§ **Data provided**

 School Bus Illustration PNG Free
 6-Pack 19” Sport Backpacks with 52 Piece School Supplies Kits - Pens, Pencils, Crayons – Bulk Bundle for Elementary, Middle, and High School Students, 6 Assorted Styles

* * *

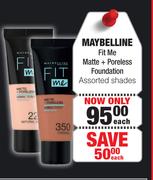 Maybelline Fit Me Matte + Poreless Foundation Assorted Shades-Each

...

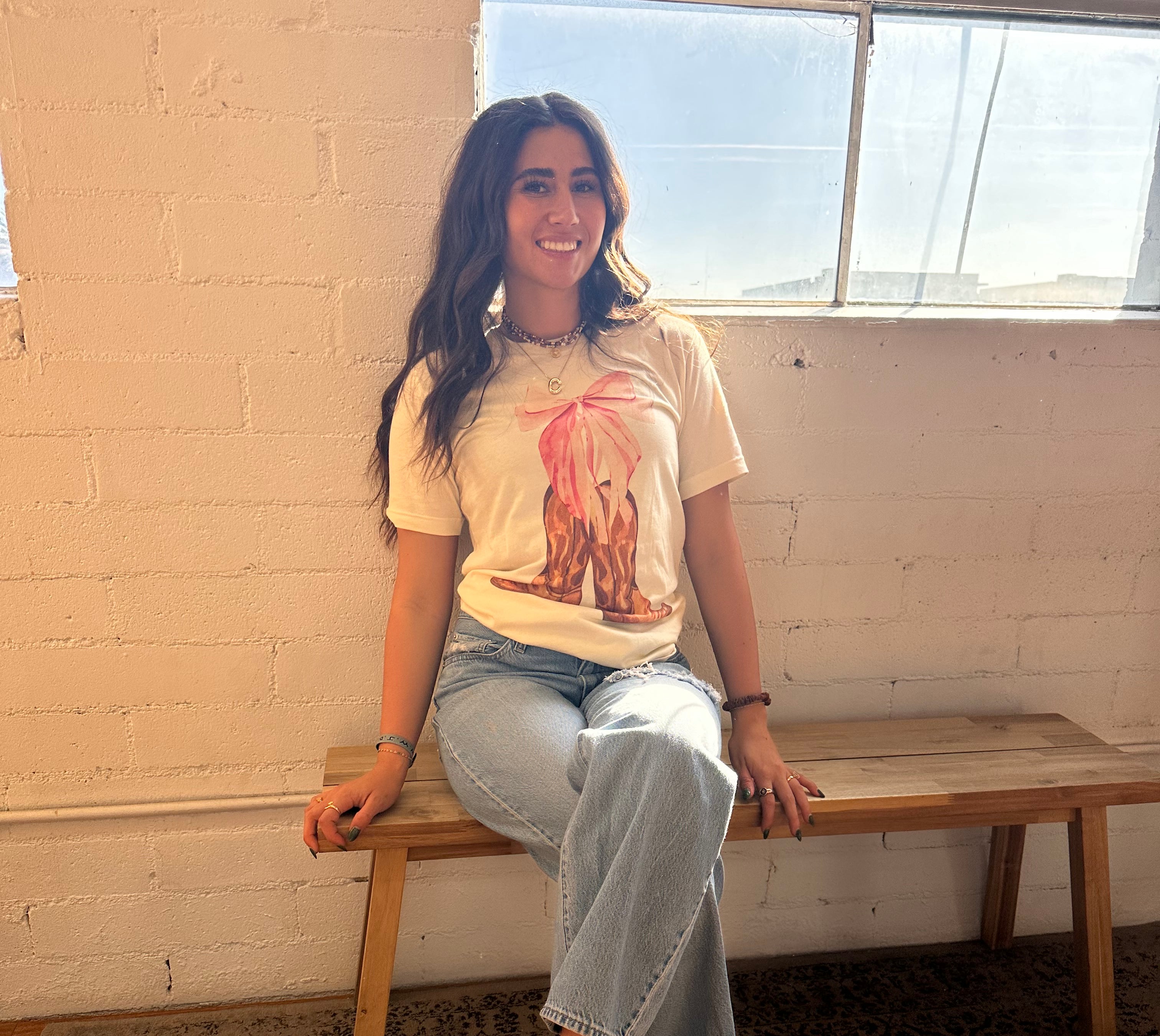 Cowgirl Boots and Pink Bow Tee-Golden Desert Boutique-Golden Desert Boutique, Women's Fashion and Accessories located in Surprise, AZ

§ **The problem**
From the line that has "School Bus Illustration PNG Free" through the line that has "6 Assorted Styles", copy every line exactly as it appears above, and leave out all others.

§ **Solution to the exercise**
 School Bus Illustration PNG Free
 6-Pack 19” Sport Backpacks with 52 Piece School Supplies Kits - Pens, Pencils, Crayons – Bulk Bundle for Elementary, Middle, and High School Students, 6 Assorted Styles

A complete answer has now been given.